Some physicians say the reason they entered the profession was to have the opportunity to give back and help others. Doctors can not only practice this tenet in their practice, but also with their investments. Physicians looking to carve out philanthropic legacies that are designed to endure generations can do so by utilizing a number of specific financial vehicles that can also provide significant tax advantages. This article will discuss your options for charitable giving and how it can enhance your current investment portfolio.
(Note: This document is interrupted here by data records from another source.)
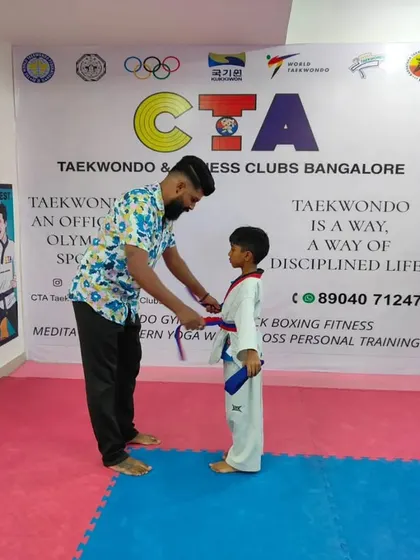 Tying a purple belt.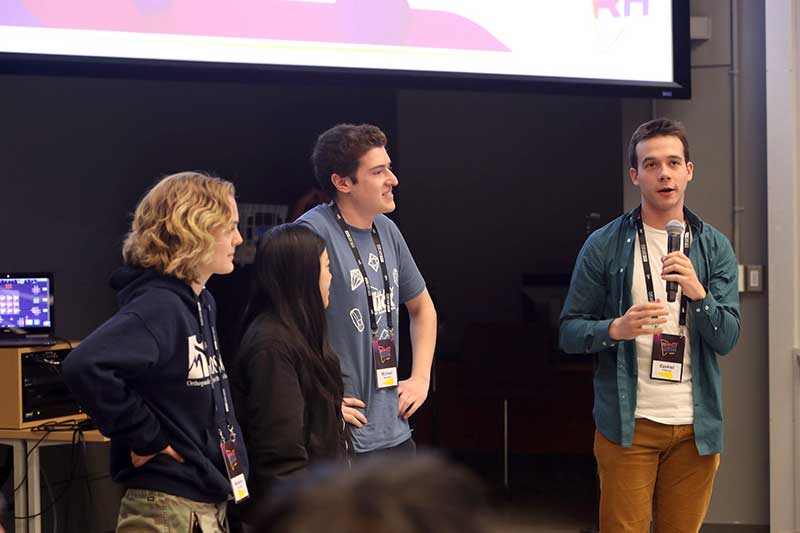 The team speaks during the event
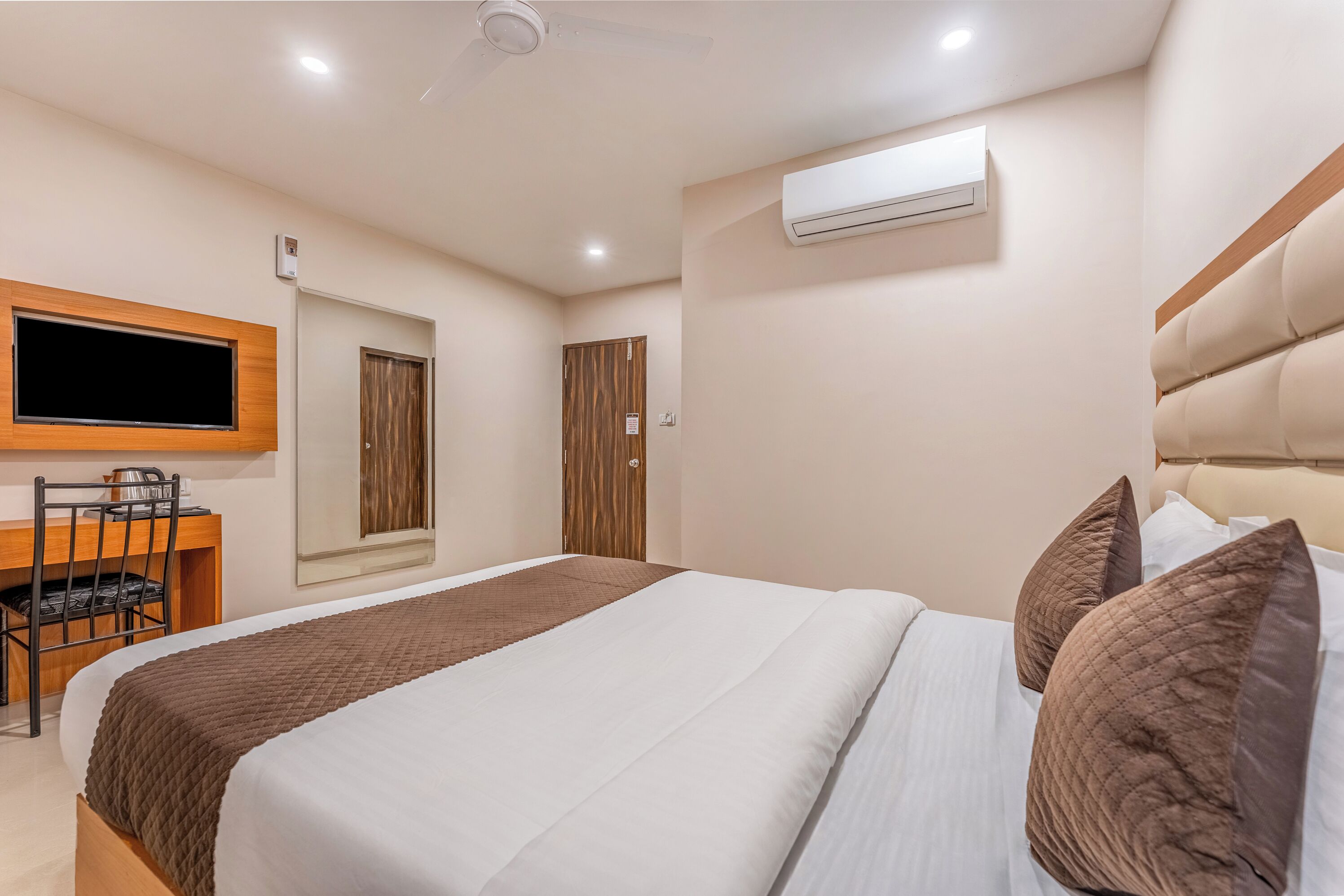 Een hotelkamer met een bed, bureau, stoel, televisie en een airconditioning.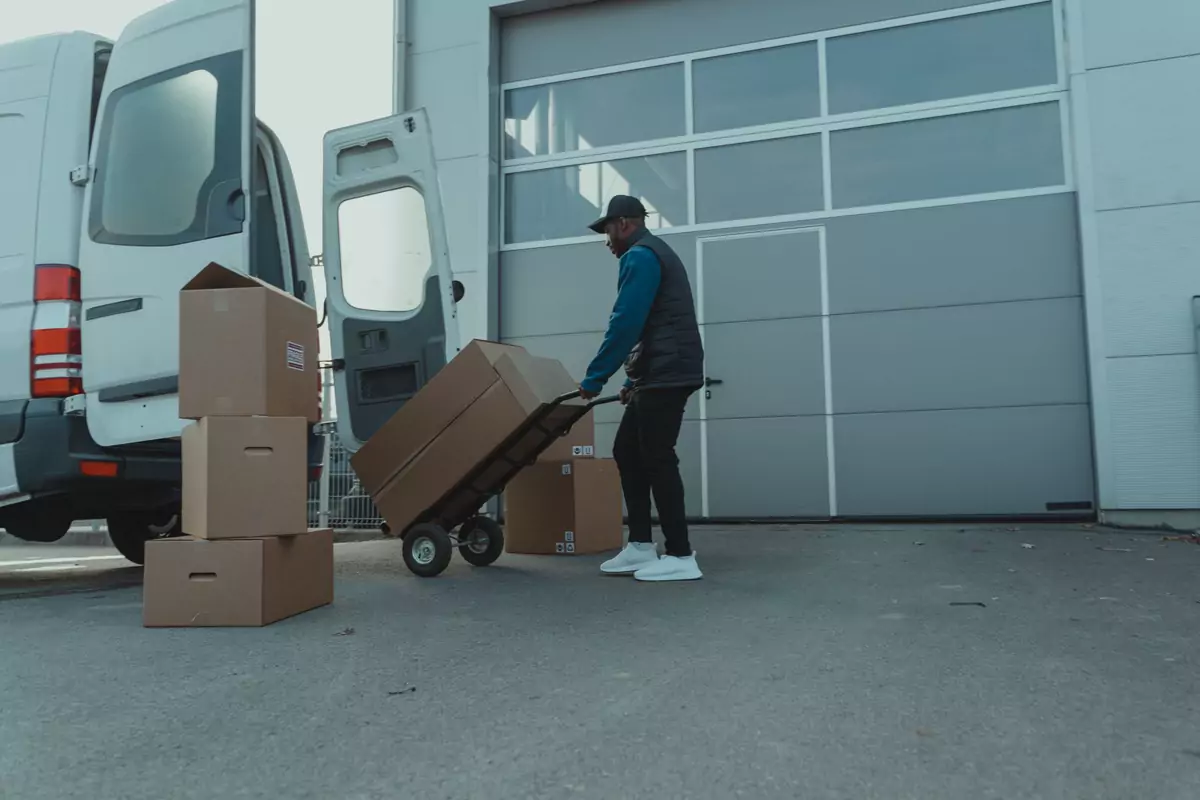 Ein Transportmitarbeiter zieht gestapelte Kartons mit einer Sackkarre zum Fahrzeug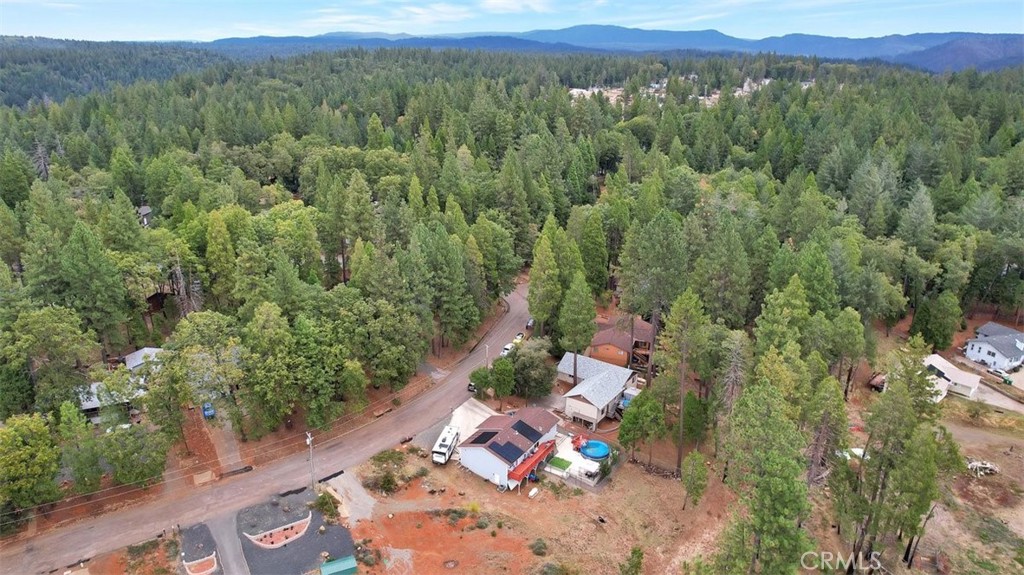 14141 Racine Circle Magalia, CA 95954 - Photo 49 of 53 a view of a city with lush green forest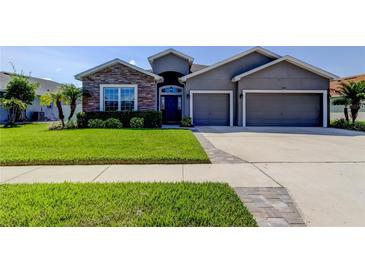 Charming single-story home featuring a well-manicured lawn, a two-car garage and stone facade accents at 6648 Castle Green Pl, Zephyrhills, FL 33541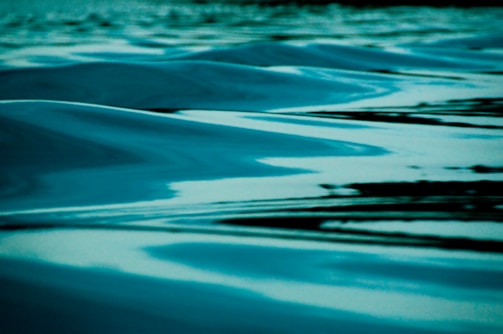 A close-up of calming soundwave patterns on a screen.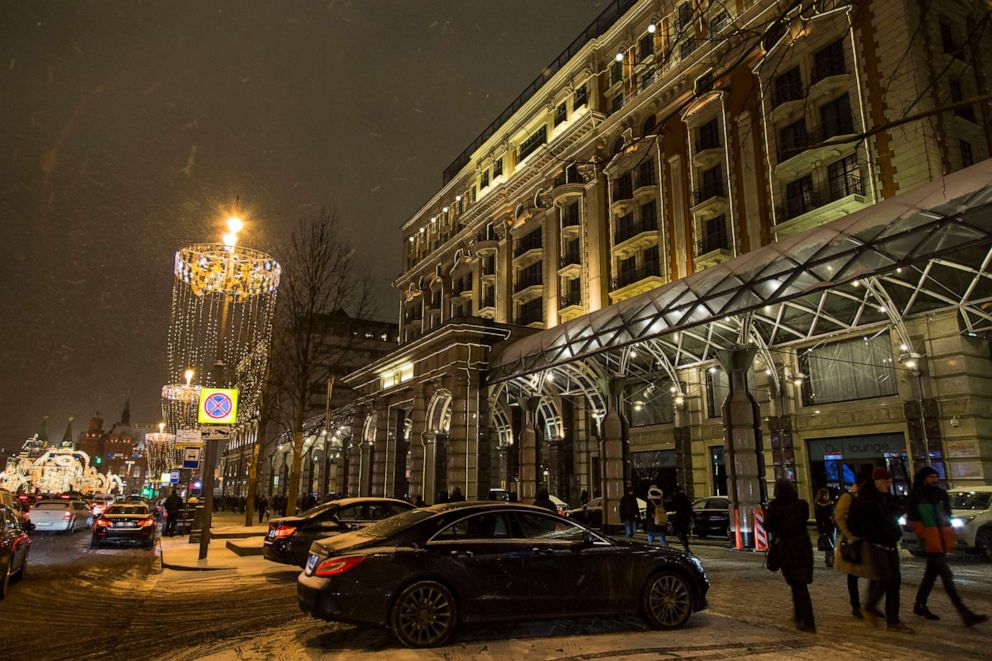 PHOTO: In this photo taken on Feb. 13, 2017, people walk past the Ritz-Carlton hotel, right, with Red Square behind in the background, in Moscow.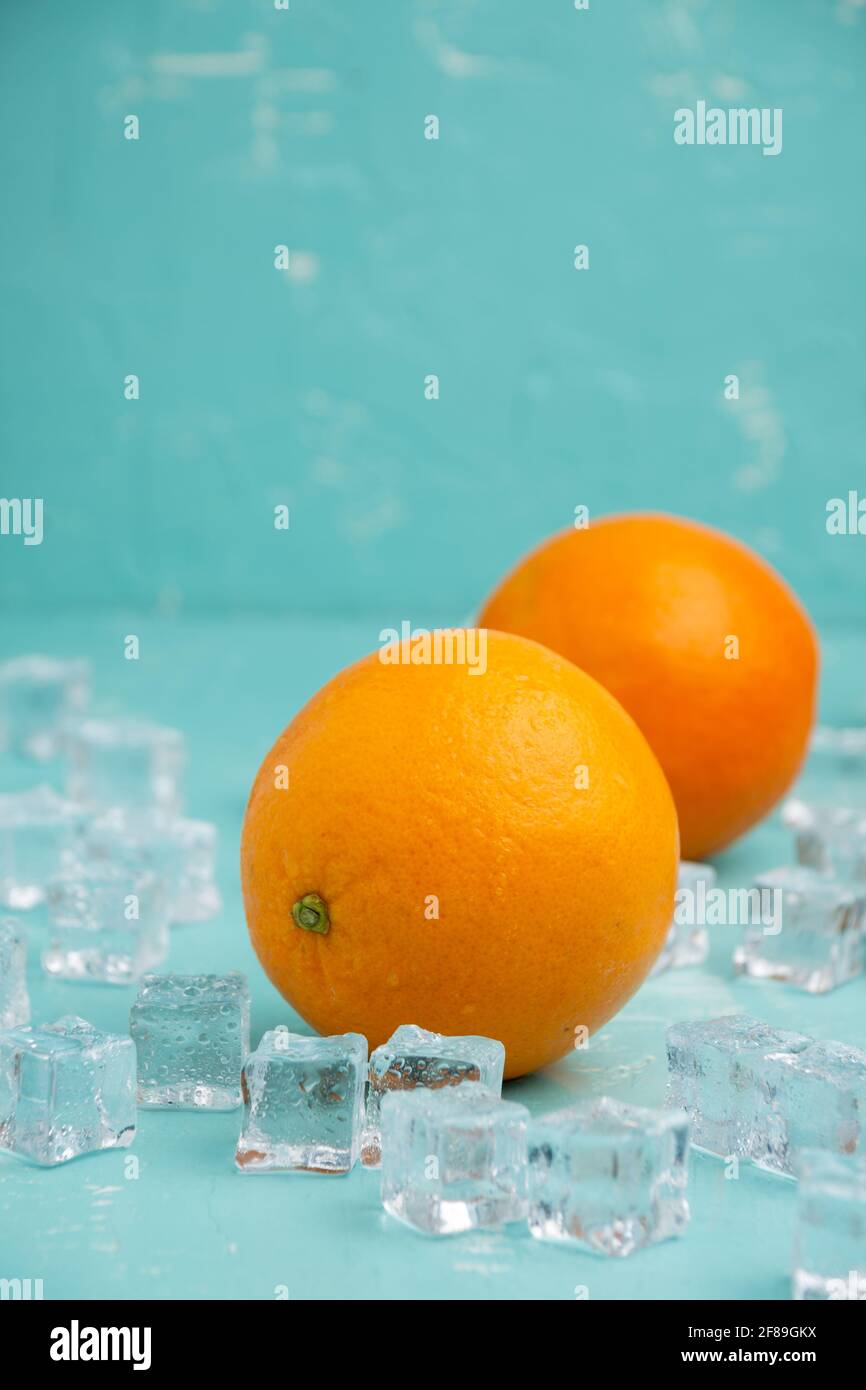 Top view of two oranges with ice on table and blue background, vertical, with copy space Stock Photo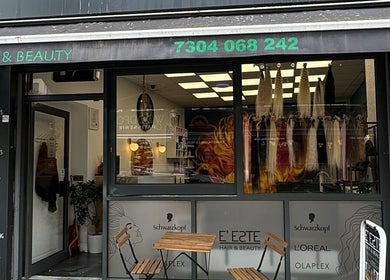 Street view of E'este Hair & Beauty salon in London, England, GB with stylish window displays.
Benefits of Charitable Giving
Charitable giving is generally tax-deductible and special tax advantages can apply to gifting appreciated assets. While there are virtually no limits on the amount of securities or cash you can give to your favorite charity, limitations do exist on how much you can deduct for tax purposes; but depending on your income and whether you itemize, these limits can potentially be quite generous, and amounts that exceed this limit can be carried over to future years.
Many physicians may find themselves relating to the 62 percent of Philadelphian respondents from the Merrill Lynch Affluent Insights Quarterly survey, who indicated that they need help in identifying the most appropriate investment vehicles to help them reach their financial goals. Physicians often enlist the help of various professionals – an attorney, tax professional and a Financial Advisor — to support their philanthropic interests in the most cost-efficient and tax advantageous manner. By helping to support physicians in their good works, financial, tax and legal professionals can together provide advice to clients while they devote their time in fulfilling a philanthropic legacy.
Once you decide how your philanthropic strategy fits within your total financial portfolio, you should determine the most appropriate type of donation. By exploring your alternatives, you’ll be able to identify the most strategic opportunities for you and your family.
Types of Donations
It is important to note that there are many gifting strategies that can help physicians lower their tax liability, as well as remove highly appreciated assets from your estate depending on your income. Your tax professional can best advise on the tax implications of each, but I will describe the different financial vehicles that physicians can consider to make charitable donations.
Direct Check: Many individuals find that the easiest way to make a charitable donation is by making out a check to a specific charity. This method is certainly the simplest and most direct form of giving. Yet, many donors are no longer happy with simply penning a check – they want a higher level of accountability from the organizations to which they contribute and they want a say about where they money goes.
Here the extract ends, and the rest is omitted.